▸ Information shown:
· · · · ·

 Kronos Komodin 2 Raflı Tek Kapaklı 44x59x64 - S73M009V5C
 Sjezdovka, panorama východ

· · · · ·

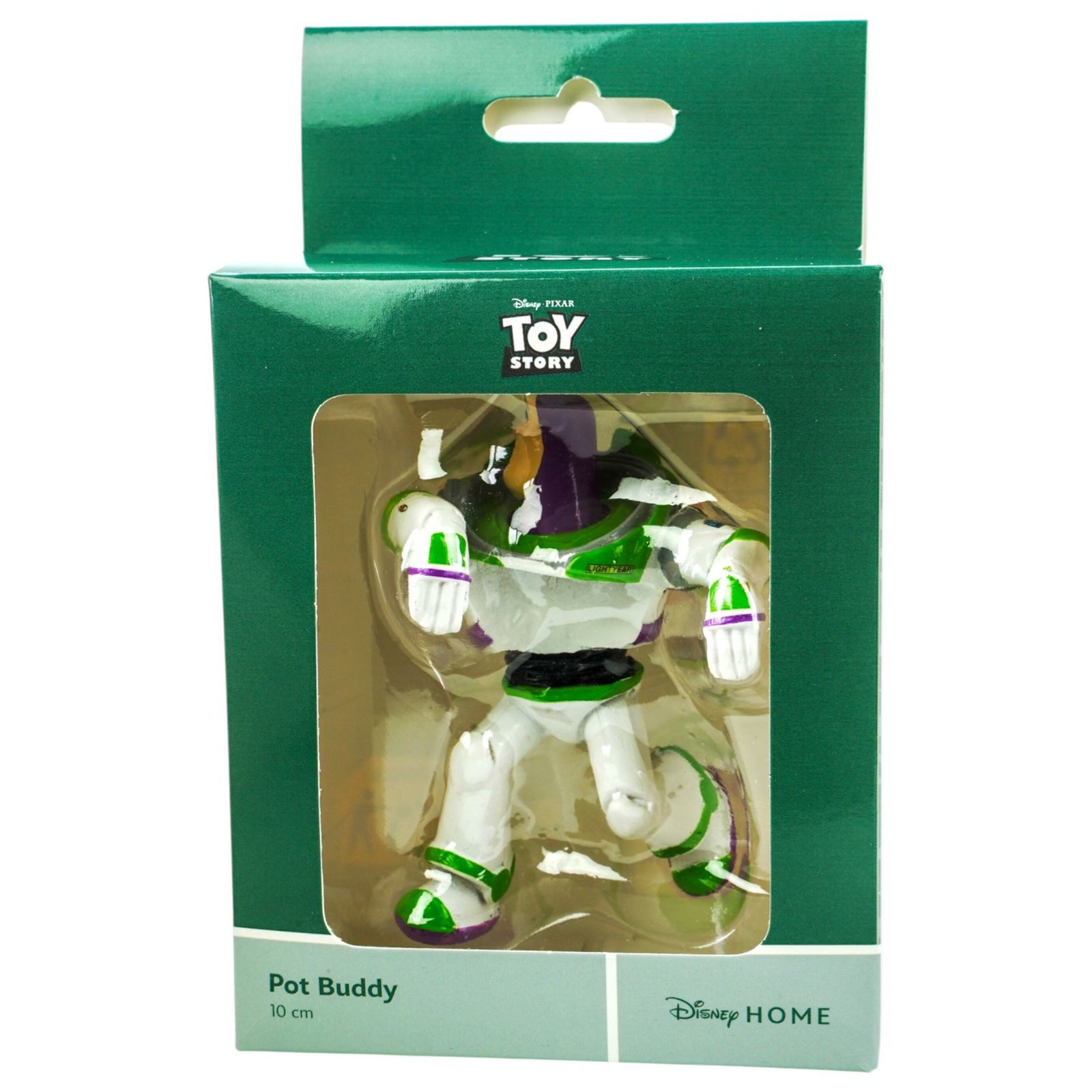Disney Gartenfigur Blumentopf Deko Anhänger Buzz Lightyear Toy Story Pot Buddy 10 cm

· · · · ·

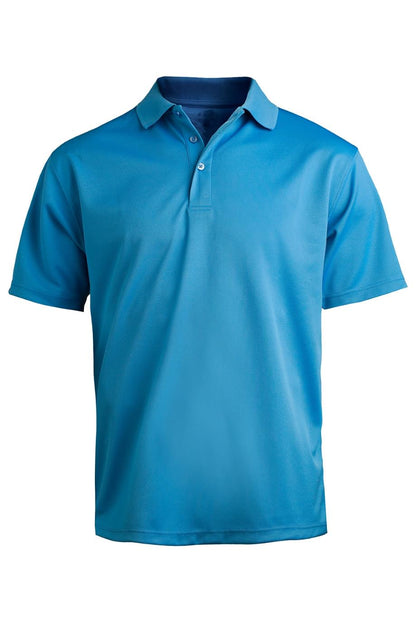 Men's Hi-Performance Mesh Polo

· · · · ·

▸ Problem:
The reply should consist solely of the lines above from the one that has "Kronos Komodin 2" through the one that has "Sjezdovka, panorama východ", reproduced exactly.

▸ Answer space:
 Kronos Komodin 2 Raflı Tek Kapaklı 44x59x64 - S73M009V5C
 Sjezdovka, panorama východ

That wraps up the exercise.